The agricultural sector makes up an above-average percentage of the regional economy, whereas the tertiary sector indicates below-average figures. The share of the secondary, or industrial, sector is also below the country average and is based mainly on metalworking (21% of the secondary sector), engineering (16%), the automotive industry (11%), and food processing (11%, Czech Statistical Office, 2013). The largest companies in the region (measured by annual turnover) are Bosch Diesel and Pacovske Engineering; in 2014 they placed in the Czech Top 100 rankings. Regionally based Zdarske Engineering is also one of the stablest and largest companies in the country. Another important employer is the Dukovany Nuclear Power Station in the Trebic district, which is operated by CEZ, the second largest company in the country and the leading producer and supplier of electric energy. Entrepreneurship is not particularly strong. The Czech Statistical Office’s business register indicates the presence of 108,800 companies in the Vysocina Region, which occupied the second to last place in the ranking of all the country’s regions at the end of 2014. Although the number of companies in the region grew by 225% between 1994 and 2014, this rate of increase is somewhat below the national trend.

To sum up, this region differs significantly from other peripheral regions in the Czech Republic (particularly the Ústí nad Labem and Moravian-Silesian Regions). On the one hand, social cohesion, regional identity, and regional affiliation are all very strong, and environmental conditions are good because the region has not been devastated by heavy industry like other peripheral regions in the Czech Republic. Yet the region’s economy faces structural problems associated with the need to increase high value-added sectors. In this respect, the situation in Vysocina seems, in some ways, to be comparable with the overall situation in the Czech Republic. Like the national economy, the Vysocina Region’s economy is driven by businesses that are not based on high value-added labor but on the “advantage” of a cheap but not highly skilled labor force. Additionally, the region is relatively strongly dependent on the automotive industry, as is the whole country.

Graduate Employment in the Vysocina Region

The region’s economic history has significantly influenced the regional job market as a whole, including for HEI graduates. Natural conditions suitable for agriculture long defined Vysocina’s economic profile. It has always ranked among the poorer regions in the country as a consequence of its less developed industrial infrastructure and agricultural focus.Footnote 9 People live in small towns or follow a typical rural lifestyle. Traditionally, the stone, textile, and woodworking industries dominated the regional economy, but nowadays industrial engineering and the food industry are growing. Industrial engineering, however, is very narrowly focused on manufacturing components for the automotive industry. Thus, the region is vulnerable to fluctuations in the automotive industry caused by global economic cycles.

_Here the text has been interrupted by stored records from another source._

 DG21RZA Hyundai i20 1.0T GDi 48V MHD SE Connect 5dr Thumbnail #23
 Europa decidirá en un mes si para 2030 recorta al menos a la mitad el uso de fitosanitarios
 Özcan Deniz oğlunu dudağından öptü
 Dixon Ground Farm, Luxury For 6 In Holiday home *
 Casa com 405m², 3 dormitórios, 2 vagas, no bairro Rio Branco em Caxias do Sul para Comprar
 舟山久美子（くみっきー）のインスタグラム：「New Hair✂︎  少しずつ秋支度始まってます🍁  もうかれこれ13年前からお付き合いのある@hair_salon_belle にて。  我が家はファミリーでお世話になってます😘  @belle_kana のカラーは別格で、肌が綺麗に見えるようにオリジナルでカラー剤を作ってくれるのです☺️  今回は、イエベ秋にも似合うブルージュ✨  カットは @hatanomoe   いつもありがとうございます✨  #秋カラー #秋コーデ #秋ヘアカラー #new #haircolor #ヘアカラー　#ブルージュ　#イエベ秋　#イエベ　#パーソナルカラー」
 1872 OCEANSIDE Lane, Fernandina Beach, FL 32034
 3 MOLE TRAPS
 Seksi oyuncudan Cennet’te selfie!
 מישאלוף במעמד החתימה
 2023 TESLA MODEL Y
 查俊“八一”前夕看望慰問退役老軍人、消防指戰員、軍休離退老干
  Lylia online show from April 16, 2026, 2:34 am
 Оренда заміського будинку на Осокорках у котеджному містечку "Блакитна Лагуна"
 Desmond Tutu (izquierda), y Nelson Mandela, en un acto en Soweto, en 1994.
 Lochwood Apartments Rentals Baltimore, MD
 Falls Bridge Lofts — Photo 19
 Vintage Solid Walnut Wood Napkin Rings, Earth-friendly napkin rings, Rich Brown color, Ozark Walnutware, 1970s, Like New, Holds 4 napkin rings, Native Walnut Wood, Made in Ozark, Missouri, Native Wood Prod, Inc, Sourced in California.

In addition to the specific structure of the industrial sector in the region consisting of a small number of branches of major corporations and a relatively large number of small and mid-sized companies producing mostly standard products with no technologically intensive value added, research and development (R & D) expenditures are very low. The majority of small and mid-sized businesses spend minimal resources on R & D, and when they do, they do it in a very unsystematic manner (Regional Office, 2013). Larger companies (e.g., Bosch Diesel in Jihlava, Tedom in Trebic) invest more in R & D, but even they are not able to reverse the Vysocina Region’s overall low innovation performance or its low absorptive capacity. In addition, some of these firms, as global players, have strategies that do not correspond with purely regional interests and they often have R & D departments located in different regions or countries.Footnote 10

Here, corporate R & D expenditures as a percentage of regional gross domestic product are the lowest in the Czech Republic alongside those in the Karlovy Vary and Usti nad Labem Regions. Public R & D efforts are also low because the local HEI and the branches of other universities operating in the region focus primarily on teaching activities. Activities promoting innovation and research are still in the planning and early-implementation stages. The regional office (i.e., the local government) has launched a research-support program (small and mid-sized businesses are entitled to “entrepreneurial vouchers”), but it is still in the pilot phase.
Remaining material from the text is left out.